The snow was ultimately the cause of this problem, but I profited from it later in the week when I went to Santa Fe on the Friday before I returned home. I had completed my exams on Thursday so Friday was a day on the ski slopes. My friend Antonio was snowboarding and I was on skis and because I had more experience, we stuck together to begin with before I ventured higher up the mountain onto some more challenging pistes. Santa Fe is not a large resort but there was enough skiing to have enormous fun, and the weather was almost perfect. It was sunny but very cool on the lower runs and higher up the mountain was in cloud and barraged with an icy wind, although this cleared later on. The views were beautiful off across the desert and totally different to the purely mountain vistas of the Alps.

Winding down on the slopes at the end of the term!
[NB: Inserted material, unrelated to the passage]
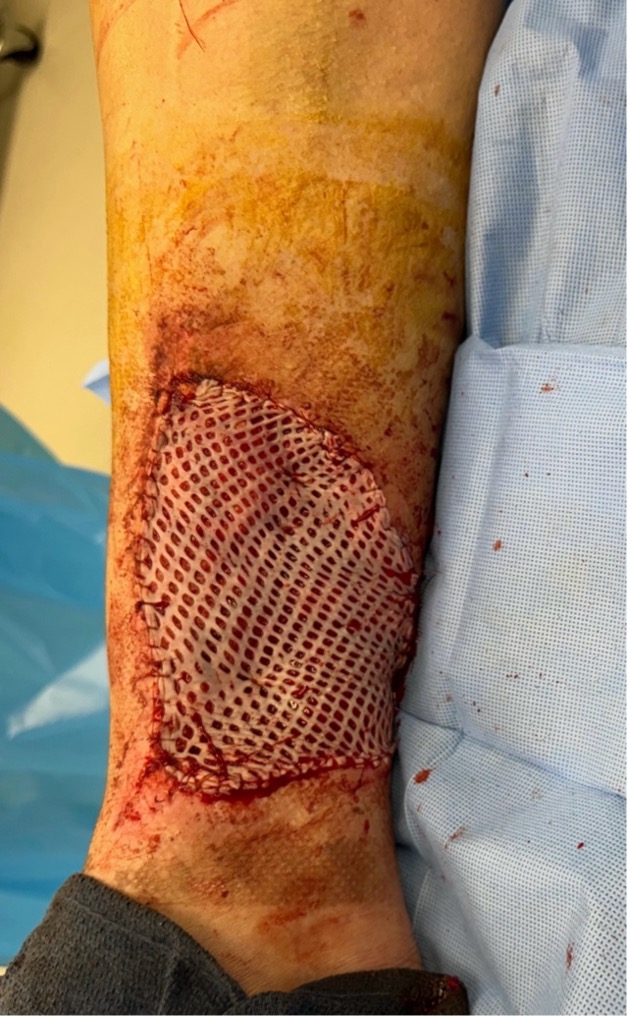 Wound prepared for partial complex layered closure and skin grafting reconstruction.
Glazed pine trees and an icy wind at the top of the mountain

Looking down from the pistes to Santa Fe and beyond


After our final run, we returned our equipment and started the hour-long journey back to Albuquerque. It being a Friday the 13th, something had to happen and I had been apprehensive about skiing but felt safe once off the slopes. Unfortunately, as we were passing through Santa Fe, we suffered a car accident whilst crossing an intersection. We had been turning but a larger car trying to make it across the intersection before the lights went red rammed us at about thirty by my estimation. As the passenger, I bore the brunt of the impact but it luckily only hit the side of the bonnet and the front of my door and I sustained only a small cut to the head. For me, the most lasting effects have been the shock of it and the image, engrained in my mind, of a large white vehicle cruising towards us and knowing I was utterly helpless. I had turned to shout at my friend to brake and before I looked around, we had been t-boned. I feel sorriest for my friend because of his wrecked car, but I was almost unscathed and so it was another American experience, albeit one I had never wished to have and hope never to repeat.